[Exercise requirements]:
Copy exactly the lines that run from the top of the listing to the line containing "Couverture du livre", both ends included, and omit the pictures.

[Input data]:
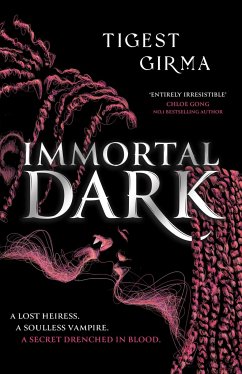 Immortal Dark Trilogy: Immortal Dark - Girma, Tigest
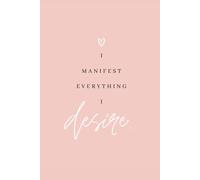 Bright Dots - I manifest everything I desire: Manifesting journal | notebook |100 pages Lined Notebook | aesthetic print | journal | manifestations.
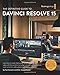 The Definitive Guide to DaVinci Resolve 15: Editing, Color, Audio, and Effects (The Blackmagic Design Learning Series) by Dion Scoppettuolo, Paul Saccone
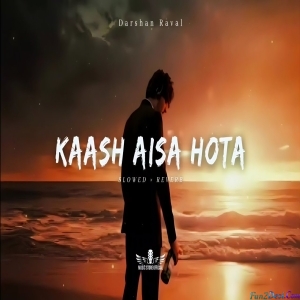 Kaash Aisa Hota (Slowed and Reverb)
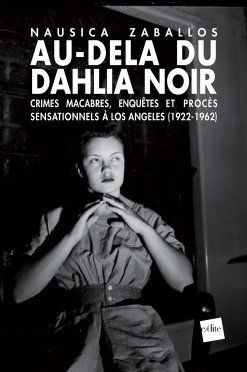 nausica Zaballos - Dahlia Noir Livre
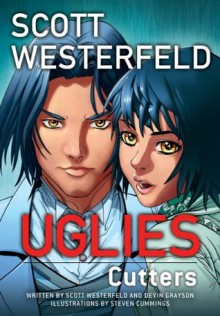 Uglies: Cutters (Graphic Novel) (Uglies Graphic Novels) - Scott Westerfeld, Devin Grayson, Steven Cummings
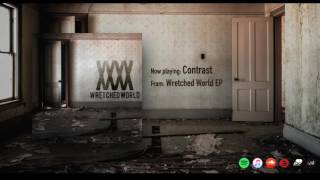 WRETCHED WORLD - CONTRAST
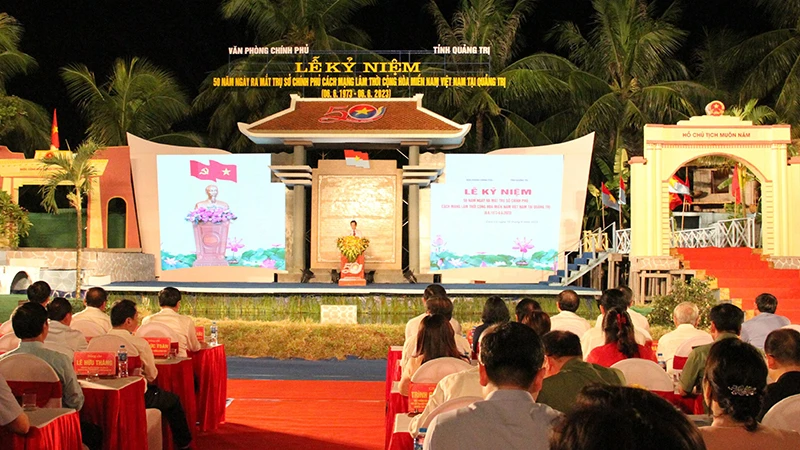 Lễ kỷ niệm 50 năm Ngày ra mắt Trụ sở Chính phủ Cách mạng lâm thời Cộng hòa miền nam Việt Nam tại Quảng Trị. (Ảnh: baoquangtri.vn)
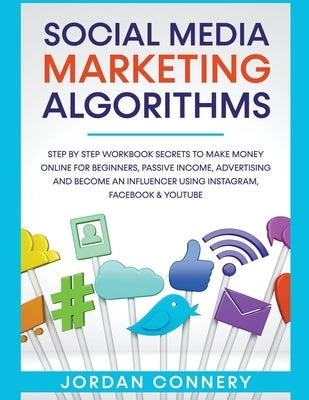 Social Media Marketing Algorithms Step By Step Workbook Secrets To Make Money Online For Beginners, Passive Income, Advertising and Become An Influenc by Connery, Jordan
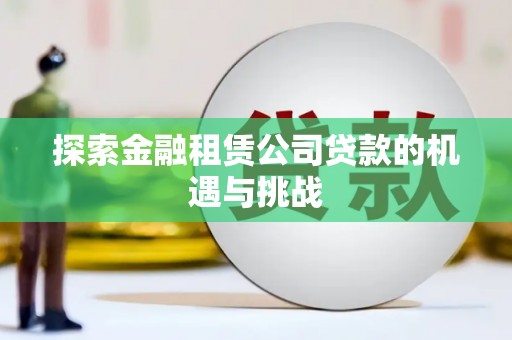 罗田探索金融租赁公司贷款的机遇与挑战
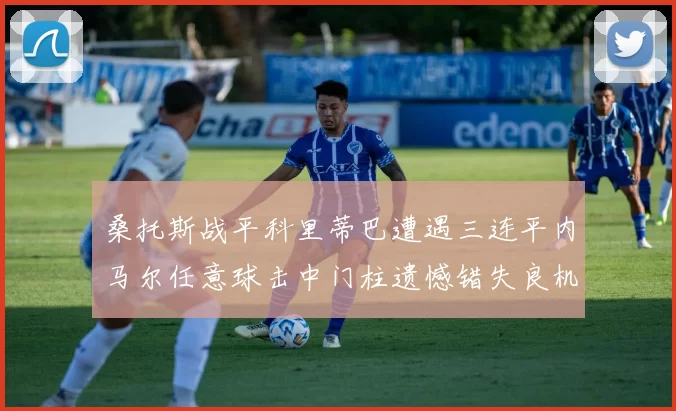 桑托斯战平科里蒂巴遭遇三连平内马尔任意球击中门柱遗憾错失良机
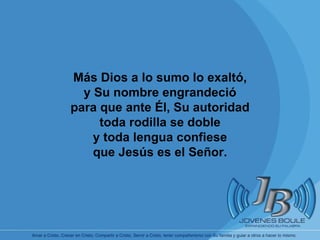       Más Dios a lo sumo lo exaltó, y Su nombre engrandeció para que ante Él, Su autoridad toda rodilla se doble y toda lengua confiese que Jesús es el Señor. 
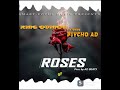 King Quince Ft Pycho AD Roses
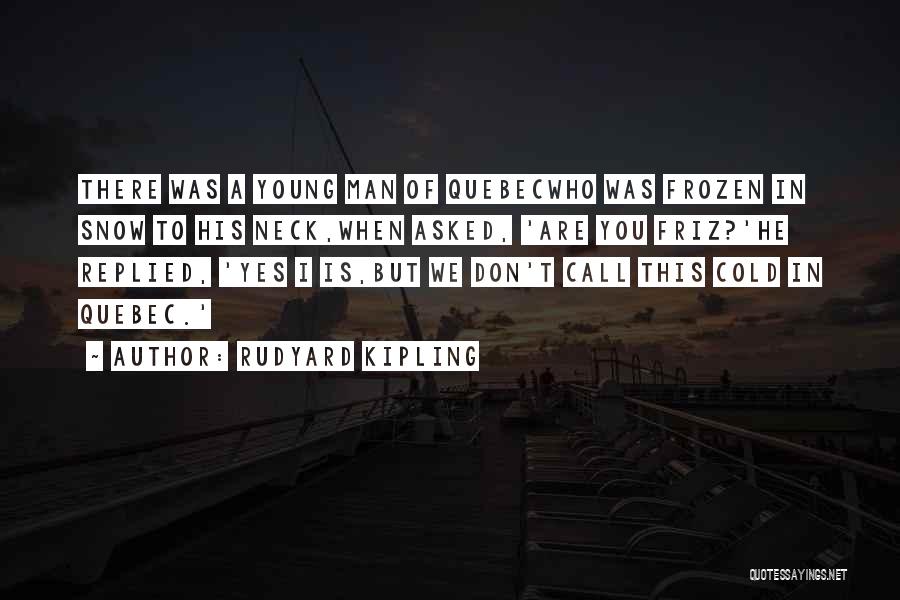 Rudyard Kipling Quotes: There Was A Young Man Of Quebecwho Was Frozen In Snow To His Neck,when Asked, 'are You Friz?'he Replied, 'yes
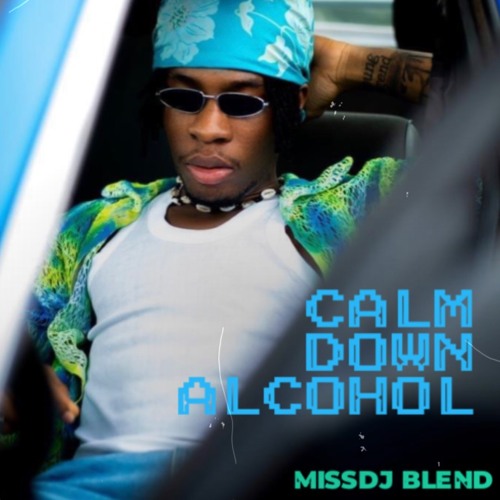 Calm Down Alcohol (MISSDJ BLEND)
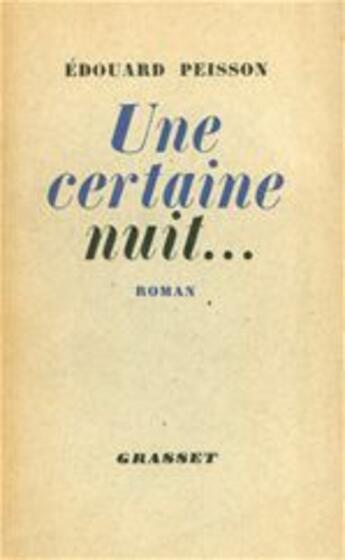 Couverture du livre « Une certaine nuit... » de Edouard Peisson aux éditions Grasset Et Fasquelle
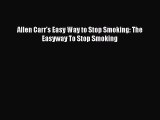 Allen Carr's Easy Way to Stop Smoking: The Easyway To Stop Smoking  Free Books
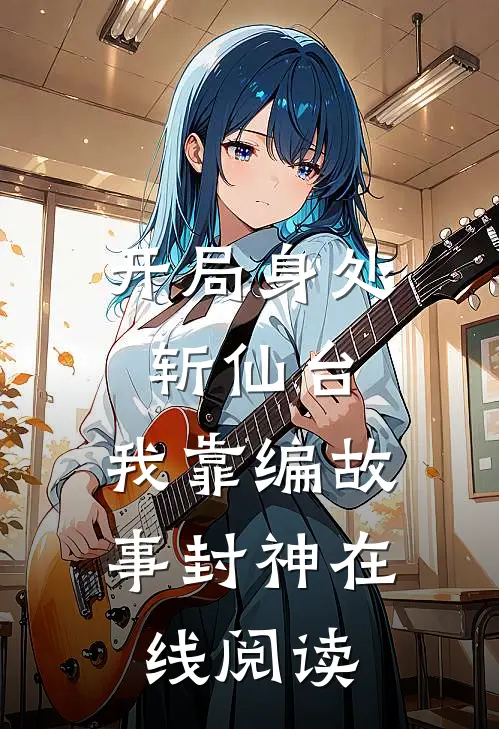开局身处斩仙台，我靠编故事封神在线阅读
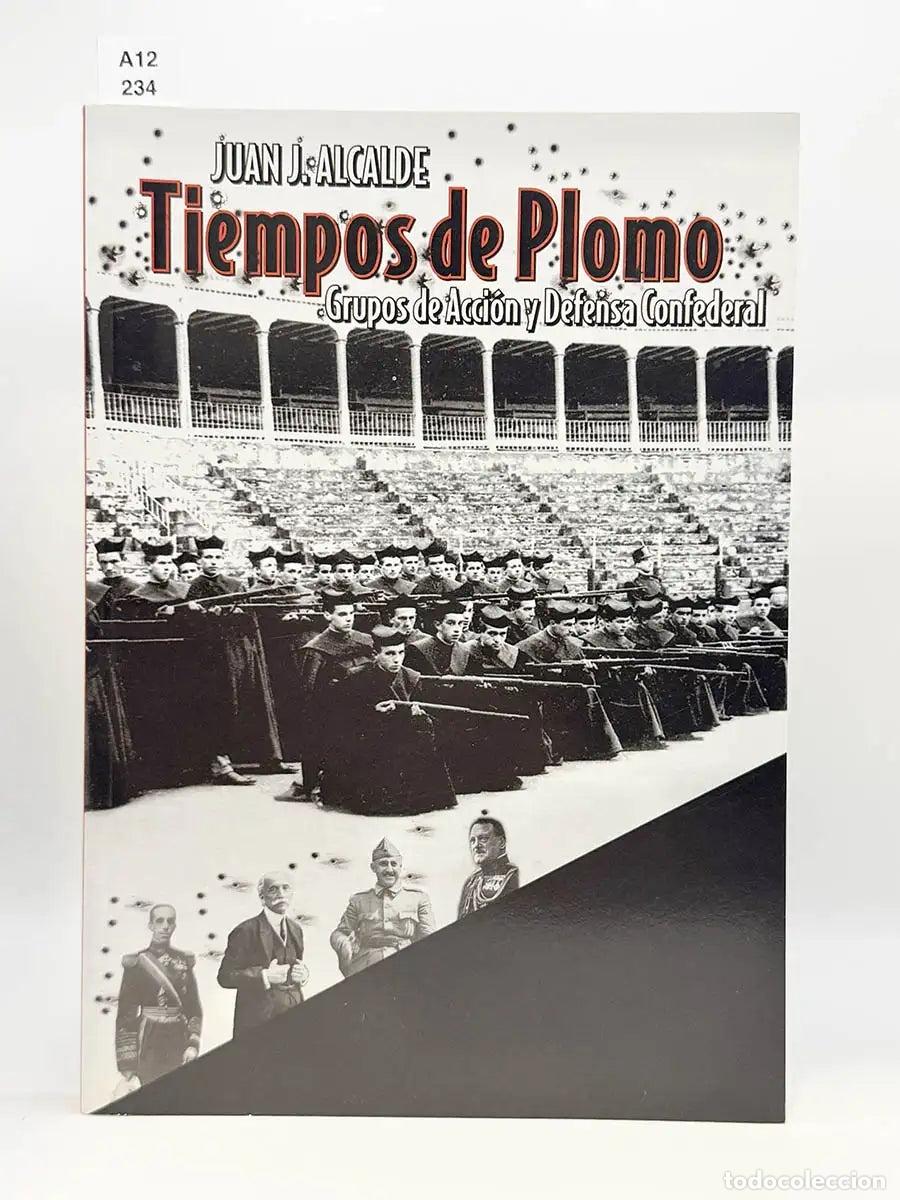 Libros: ALCALDE, Juan J. - Tiempos de plomo. Grupos de acci&oacute;n y defensa confederal.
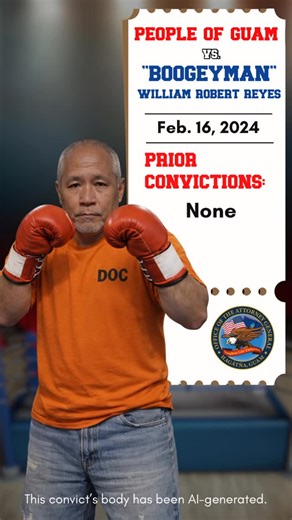 Attorney General of Guam on Instagram: "Toughest AG on Crime. The AG Moylan Matchups . . . We Go Fight & Win!🥊 On 2/16/24 William “Boogeyman” Reyes was convicted of FIRST-DEGREE CRIMINAL SEXUAL CONDUCT and SECOND-DEGREE CRIMINAL SEXUAL CONDUCT in CF747-23 for the sexual penetration of a 9-year-old child known to him. Our AG Prosecutors stepped into the ring and claimed a victory for our young victim. We thank our jurors who returned a guilty verdict after just two hours of deliberation. One mor
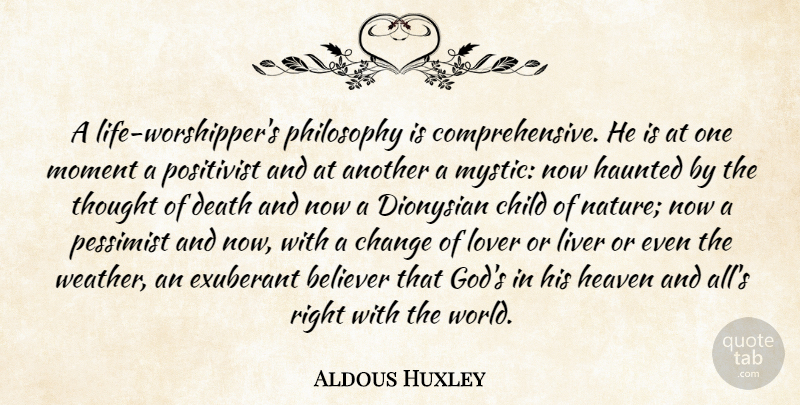 Aldous Huxley Quote About Love, Children, Philosophy: A Life Worshippers Philosophy Is...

[Answer to the exercise]:
 Immortal Dark Trilogy: Immortal Dark - Girma, Tigest
 Bright Dots - I manifest everything I desire: Manifesting journal | notebook |100 pages Lined Notebook | aesthetic print | journal | manifestations.
 The Definitive Guide to DaVinci Resolve 15: Editing, Color, Audio, and Effects (The Blackmagic Design Learning Series) by Dion Scoppettuolo, Paul Saccone
 Kaash Aisa Hota (Slowed and Reverb)
 nausica Zaballos - Dahlia Noir Livre
 Uglies: Cutters (Graphic Novel) (Uglies Graphic Novels) - Scott Westerfeld, Devin Grayson, Steven Cummings
 WRETCHED WORLD - CONTRAST
 Lễ kỷ niệm 50 năm Ngày ra mắt Trụ sở Chính phủ Cách mạng lâm thời Cộng hòa miền nam Việt Nam tại Quảng Trị. (Ảnh: baoquangtri.vn)
 Social Media Marketing Algorithms Step By Step Workbook Secrets To Make Money Online For Beginners, Passive Income, Advertising and Become An Influenc by Connery, Jordan
 罗田探索金融租赁公司贷款的机遇与挑战
 桑托斯战平科里蒂巴遭遇三连平内马尔任意球击中门柱遗憾错失良机
       Más Dios a lo sumo lo exaltó, y Su nombre engrandeció para que ante Él, Su autoridad toda rodilla se doble y toda lengua confiese que Jesús es el Señor. 
 King Quince Ft Pycho AD Roses
 Rudyard Kipling Quotes: There Was A Young Man Of Quebecwho Was Frozen In Snow To His Neck,when Asked, 'are You Friz?'he Replied, 'yes
 Calm Down Alcohol (MISSDJ BLEND)
 Couverture du livre « Une certaine nuit... » de Edouard Peisson aux éditions Grasset Et Fasquelle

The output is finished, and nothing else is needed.